The rising influence of AI/ML
AI/ML, at its core, is about pattern recognition. It can revolutionize business processes, enterprise outcomes, and people’s lives. IDC predicts that the global AI market, encompassing software, hardware, and services, will hit $900 billion by 2026, with a CAGR of 18.6% from 2022 to 2026.
As AI/ML adoption increases, IT teams must focus on building and managing an infrastructure that can support these capabilities and scale for future growth. One often underestimated and misunderstood component in this process is the data storage infrastructure necessary for these emerging applications.
Busting four common AI/ML storage myths
Myth 1: AI/ML is Solely About the GPU
While GPUs with high computational power have been instrumental in bringing AI/ML applications and neural networks to life, they are not the only critical component. Storage and networking, which ensure data availability for the accelerator, are equally important. The storage and networking infrastructure choice should be as carefully considered as the GPU.
Myth 2: AI/ML necessitates high-IOPs all-flash storage
Contrary to popular belief, AI/ML storage is not just about speed. High IOPs all-flash storage systems may not always be the best choice. The performance of accelerators and AI/ML applications varies, and in some cases, a hybrid system could work just as well as an all-NVMe solution but at a lower cost. Independent benchmarks like MLPerf can guide IT teams in finding the optimal balance between compute accelerators, AI/ML workloads, and storage options.

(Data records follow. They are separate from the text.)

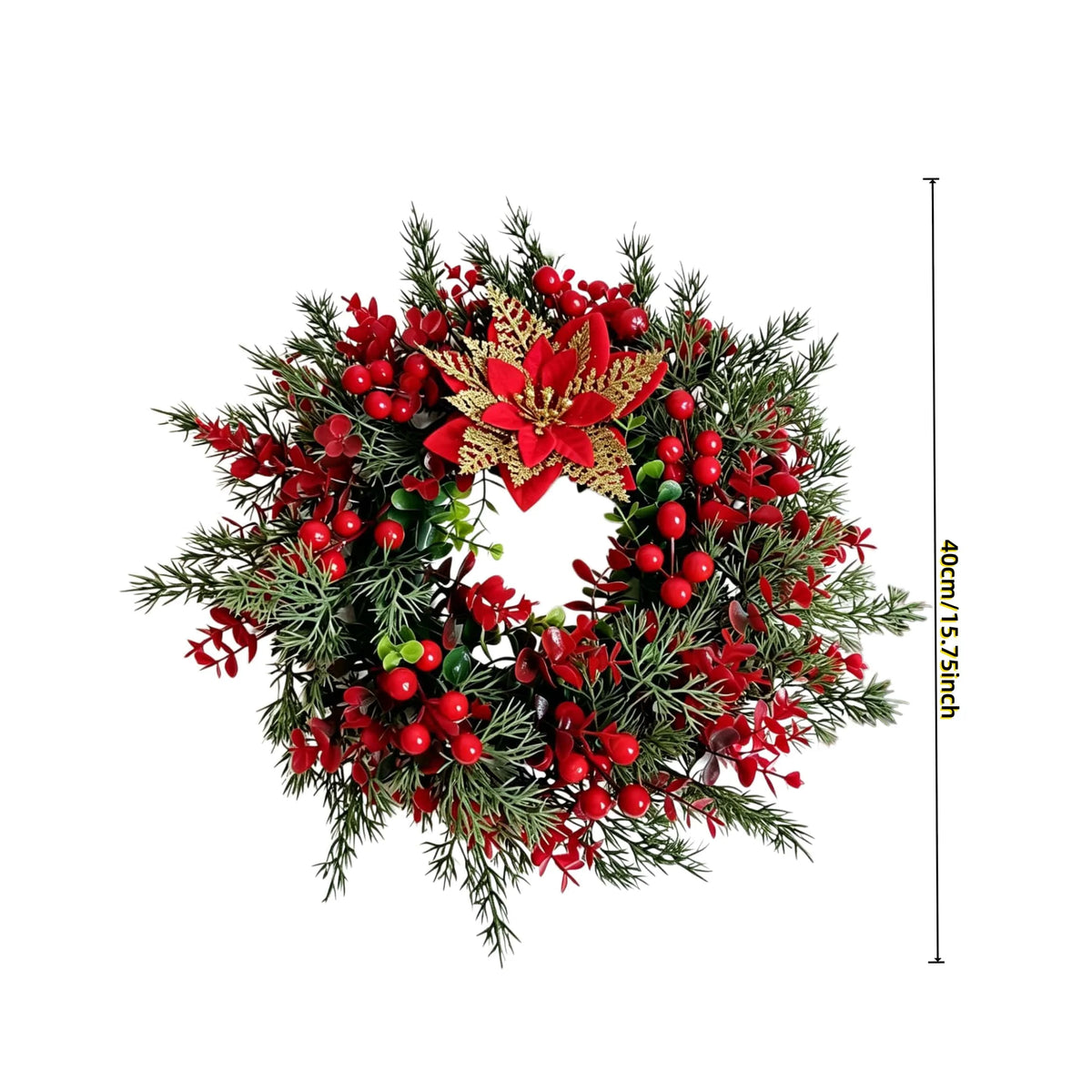 Artificial pine and eucalyptus wreath decorated with red berries and a large red bow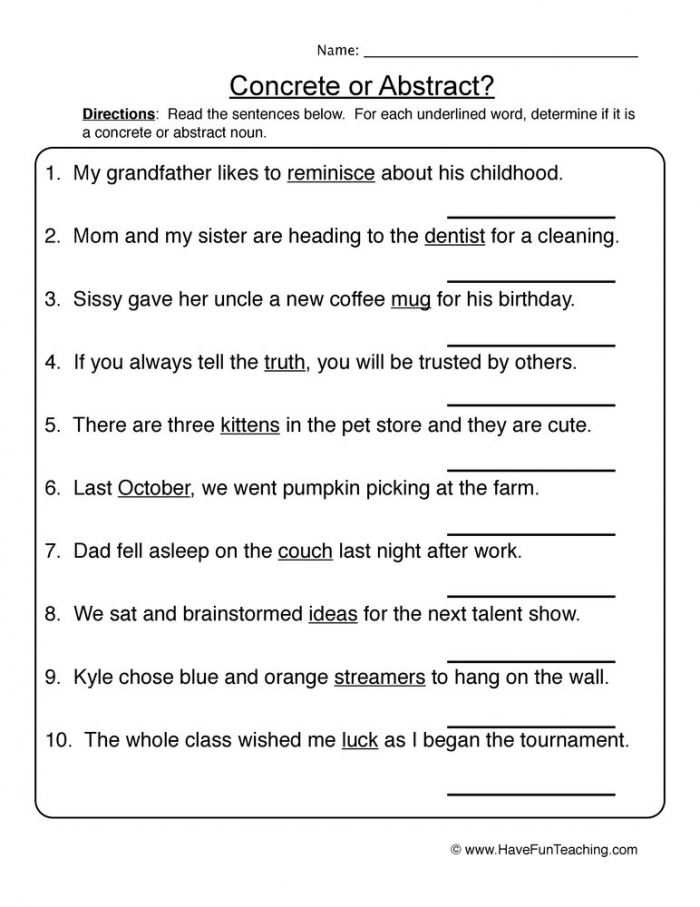 Abstract Nouns Worksheets For Grade 4 Yahoo Image Search Results 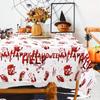 Halloween Tablecloth Orange Black Horror Ghost Table Cover Happy for Trick or Treat Theme Home Decoration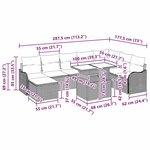 Ensemble de canapé de jardin 9 pièces avec coussins en rotin noir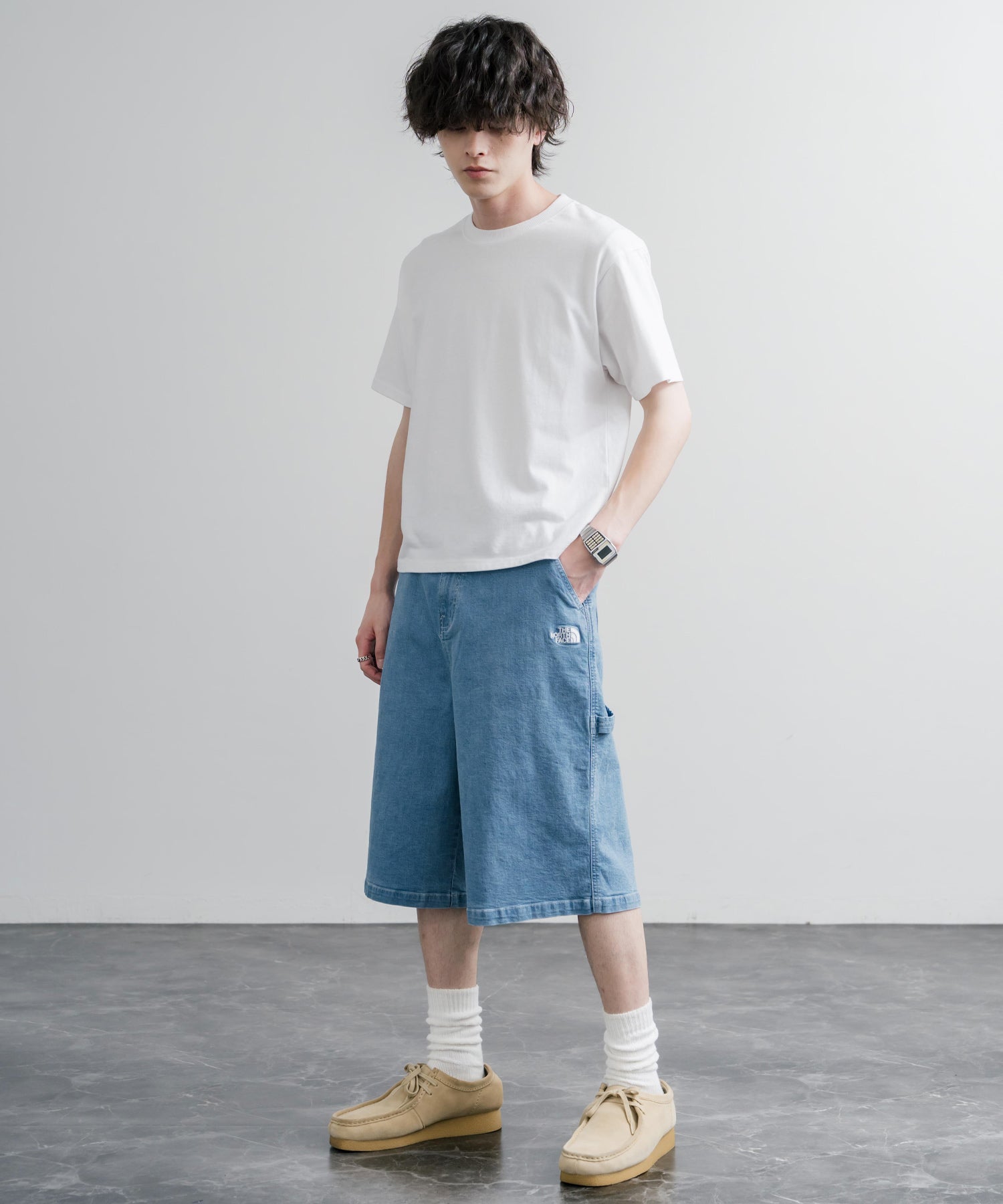 THE NORTH FACE WHITE LABEL BRIS DENIM SHORTS ロゴ刺繍ワイドデニム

Myth 3: Storage tiering will cut AI/ML costs
While tiered storage is a common strategy to optimize storage resources and minimize costs, it does not apply to AI/ML applications. In AI/ML, all training data is used in every training run, making all data “hot.” Therefore, AI/ML storage solutions must ensure all data is always available. Moreover, the accuracy of AI/ML workloads improves with the volume of training data, necessitating a storage infrastructure that can scale linearly as data volumes grow.
Myth 4: AI/ML can utilize a dedicated single-use storage system
AI/ML is most valuable when applied to an organization’s core data. For many businesses, AI/ML has moved beyond being an experimental side project and has become integral to their operations. Therefore, these applications must be consolidated into the organization’s core IT infrastructure and storage solution.
AI/ML innovations are expected to drive significant transformations across enterprises, impacting almost every aspect of an organization. According to the Gartner hype cycle, technologies like edge AI, decision intelligence, and deep learning are predicted to reach mainstream adoption in the next two to five years. As organizations embark on their AI/ML journey, the choice of underlying storage infrastructure will play a pivotal role in maximizing the potential of these applications.